Barilla sbarca in California con una rete di ristoranti

La geografia dell’offerta ristorativa a marchio Barilla si amplia. Negli Usa, oltre alla conferma nei tre ristoranti a Manhattan, nel cuore di New York, sono iniziate le attività per l’apertura di nuovi locali sulla costa californiana, a Los Angeles. Nel corso dell’anno scorso, l’azienda di Parma ha inoltre siglato un accordo di franchising con un importante operatore locale nell’area dei paesi arabi facenti parte del Consiglio di Cooperazione del Golfo, che ha portato all’apertura di due ristoranti a Dubai.

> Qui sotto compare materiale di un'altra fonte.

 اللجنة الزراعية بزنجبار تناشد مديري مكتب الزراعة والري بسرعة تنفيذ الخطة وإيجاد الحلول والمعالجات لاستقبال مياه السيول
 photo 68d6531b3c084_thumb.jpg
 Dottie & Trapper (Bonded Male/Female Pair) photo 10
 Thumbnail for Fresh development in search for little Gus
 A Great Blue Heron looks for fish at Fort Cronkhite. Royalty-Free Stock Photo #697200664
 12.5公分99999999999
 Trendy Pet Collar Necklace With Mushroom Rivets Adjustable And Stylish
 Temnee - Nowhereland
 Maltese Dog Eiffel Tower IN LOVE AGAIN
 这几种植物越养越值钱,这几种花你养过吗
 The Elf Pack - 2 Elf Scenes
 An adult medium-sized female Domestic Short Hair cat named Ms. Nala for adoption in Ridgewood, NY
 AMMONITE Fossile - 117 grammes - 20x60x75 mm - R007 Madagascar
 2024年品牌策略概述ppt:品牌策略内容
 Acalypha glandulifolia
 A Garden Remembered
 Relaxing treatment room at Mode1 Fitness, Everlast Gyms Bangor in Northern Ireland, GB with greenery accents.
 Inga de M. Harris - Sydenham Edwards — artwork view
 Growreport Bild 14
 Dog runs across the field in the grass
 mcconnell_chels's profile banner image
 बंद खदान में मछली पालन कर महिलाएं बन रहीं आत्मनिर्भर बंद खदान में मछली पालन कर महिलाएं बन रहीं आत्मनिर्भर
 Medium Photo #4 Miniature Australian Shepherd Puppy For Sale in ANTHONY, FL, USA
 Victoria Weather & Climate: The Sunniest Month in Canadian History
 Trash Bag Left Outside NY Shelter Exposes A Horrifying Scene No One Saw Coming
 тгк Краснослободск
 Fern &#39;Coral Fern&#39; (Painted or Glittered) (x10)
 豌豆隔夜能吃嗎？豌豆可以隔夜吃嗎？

Ima, un trimestre boom fa ben sperare sul 2017

Il gruppo bolognese del packaging Ima chiude il primo trimestre 2017 con ricavi a 294,4 milioni di euro (+20,6%), margine operativo lordo a 29,6 milioni (+49,5%) e utile operativo a 20 milioni di euro (+80,2%) e utile prima delle imposte a 16,9 milioni (+87,8%). Per il 2017 ha spiegato il presidente ed ad Alberto Vacchi si stima «una crescita dei ricavi e dei profitti, grazie al buon andamento degli ordinativi in tutti i mercati di riferimento». Le novità presentate alla fiera tedesca di Interpack «sono state accolte positivamente da parte della nostra clientela internazionale».